Les artisans de Notre-Dame ou l’esprit des corporations


Notre Dame de Paris : Le portail du Jugement dernier, installé entre 1220 et 1230, il représente le jugement de Dieu, selon saint Mathieu, où les maudits sont châtiés et les bénis accueillis à la vie éternelle. Photo de Victor Aubert.
Notre-Dame de Paris, Portail du Jugement dernier (1220 - 1230) représentant le jugement de Dieu selon saint Matthieu, où les maudits sont châtiés et les bénis accueillis dans la vie éternelle. Photo de Victor Aubert.

Notre-Dame est ressuscitée, le peuple français peut en être fier – fier de cette réussite, fier de ses bâtisseurs. Mais, nous semble-t-il, on n’a pas suffisamment réfléchi à ce qui a permis une telle résurrection, à la spécificité du travail des artisans. Ce travail a pourtant été animé par un esprit que l’on pensait être celui d’un autre âge, que l’on croyait disparu – parce que le système qui l’a jadis porté a effectivement disparu. Cet esprit a un nom : c’est l’esprit des corporations.


Le modèle corporatif reposait sur un certain rapport au labeur, à la communauté et à la transcendance. Il était synonyme de primat de la qualité sur la quantité, de l’œuvre commune sur l’individuel, de l’esprit sur la matérialité. Or, c’est bien cette vision qui a rendu possible la reconstruction de Notre-Dame.

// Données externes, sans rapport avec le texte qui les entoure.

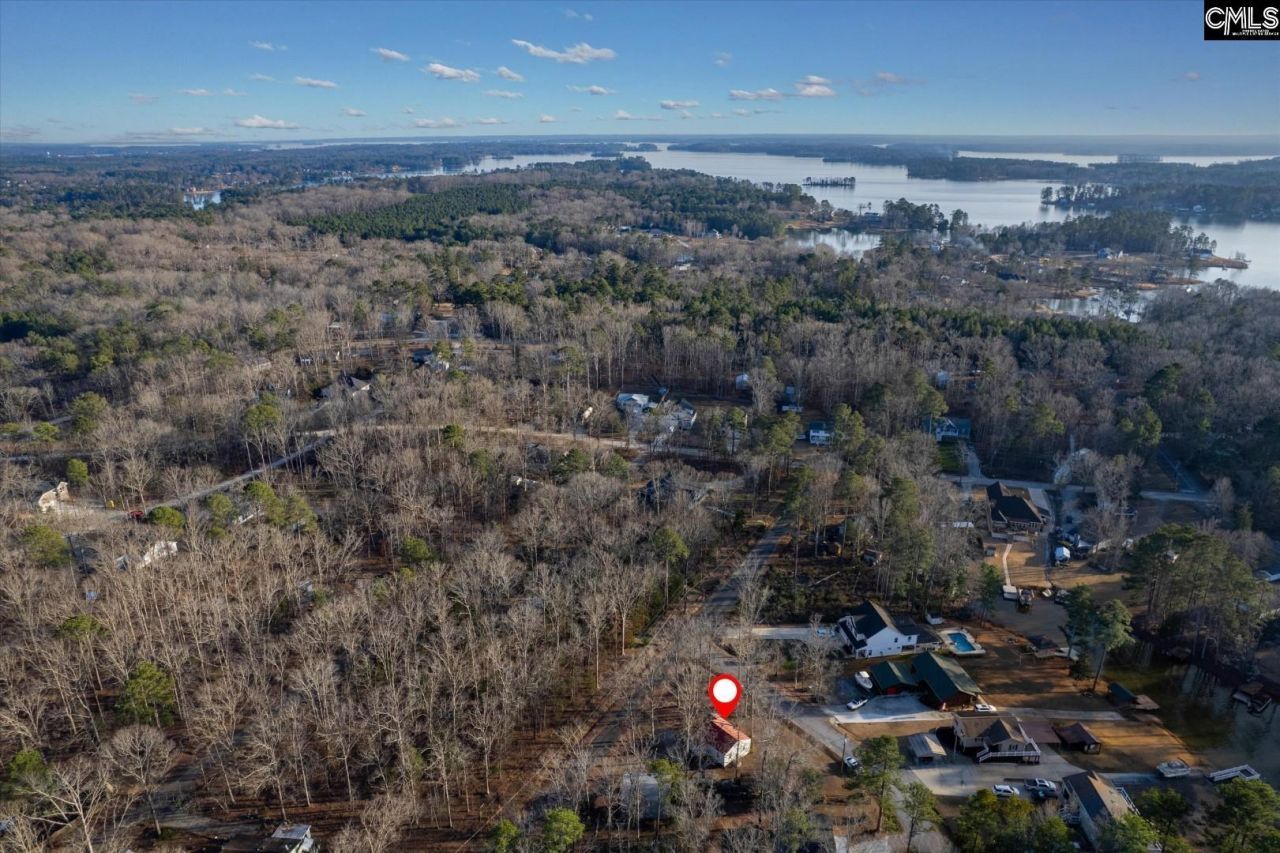 100 Point Street Photo 27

Primat de la qualité sur la quantité : le travail n’a de sens que s’il est bien fait, c’est-à-dire effectué dans les « règles de l’art », avec patience, rigueur et souci de la beauté. Le travail doit être conçu comme une œuvre si l’on veut qu’il ait une signification – et qu’il soit source de joie. À quoi reconnaît-on une œuvre ? Arendt nous a donné la réponse : à ceci qu’elle est faite, non pour être consommée, mais pour durer. Bâtir – ou rebâtir – une cathédrale, c’est dépasser la seule perspective du présent et s’inscrire dans le temps long, c’est renouer avec l’esprit des médiévaux qui ne construisaient pas pour eux, mais pour ceux qui viendraient après eux.

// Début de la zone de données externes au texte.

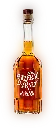 saz-rye-desktop-bottle.webp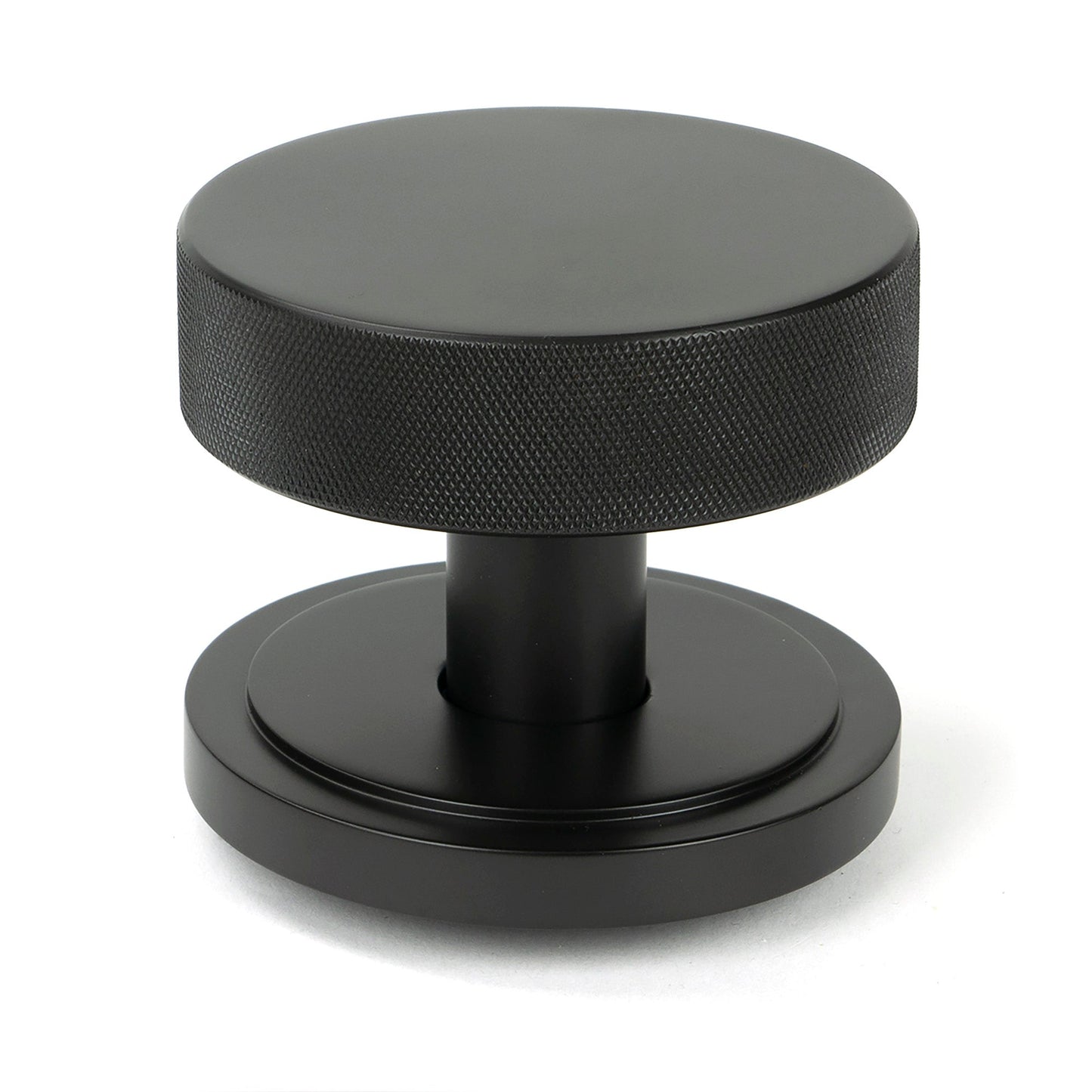 Brompton Centre Door Knob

Primat de l’œuvre commune sur l’individuel : ce qui est grand, ce qui est noble dans le travail, c’est la possibilité de participer à une œuvre qui nous dépasse, de contribuer, selon ses talents, à un bien commun – comme les membres du corps contribuent, chacun selon leur nature, au bien du corps tout entier. Ainsi que l’a montré Othmar Spann, le modèle corporatif est étroitement lié à une vision organique de la société. L’artisan, contrairement à l’artiste moderne, ne veut pas que l’on parle de lui, mais de l’œuvre qu’il a contribué à faire vivre. Les couvreurs, les restaurateurs de vitraux, les sculpteurs, les ébénistes de Notre-Dame resteront des inconnus, et c’est en cela qu’ils sont dignes d’être honorés.

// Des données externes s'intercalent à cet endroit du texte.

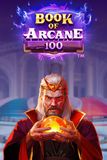 Book of Arcane 100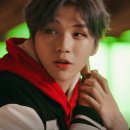 이유(2u) 이미지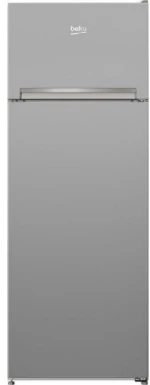Beko RDSA 240K35SN Ψυγείο Δίπορτο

Primat de l’esprit sur la matérialité, enfin : travailler pour le seul profit individuel (capitalisme) ou pour les seuls besoins collectifs (socialisme), c’est oublier que l’homme est plus qu’un corps à nourrir, qu’il est un esprit, appelé à s’élever en spiritualisant son monde (Hegel), à le faire revenir à Dieu (saint Thomas). Quoi de plus beau que de transformer des pierres en chants de louange, que de faire de la créature un hymne à la gloire du Créateur ? Croyants ou non, les artisans de Notre-Dame ont objectivement renoué avec l’esprit religieux, mystique, des corporations.


Œuvre, communauté, transcendance : voilà donc les valeurs avec lesquelles il nous faut renouer, si nous voulons que renaisse la joie profonde et simple du Moyen Âge enchanté.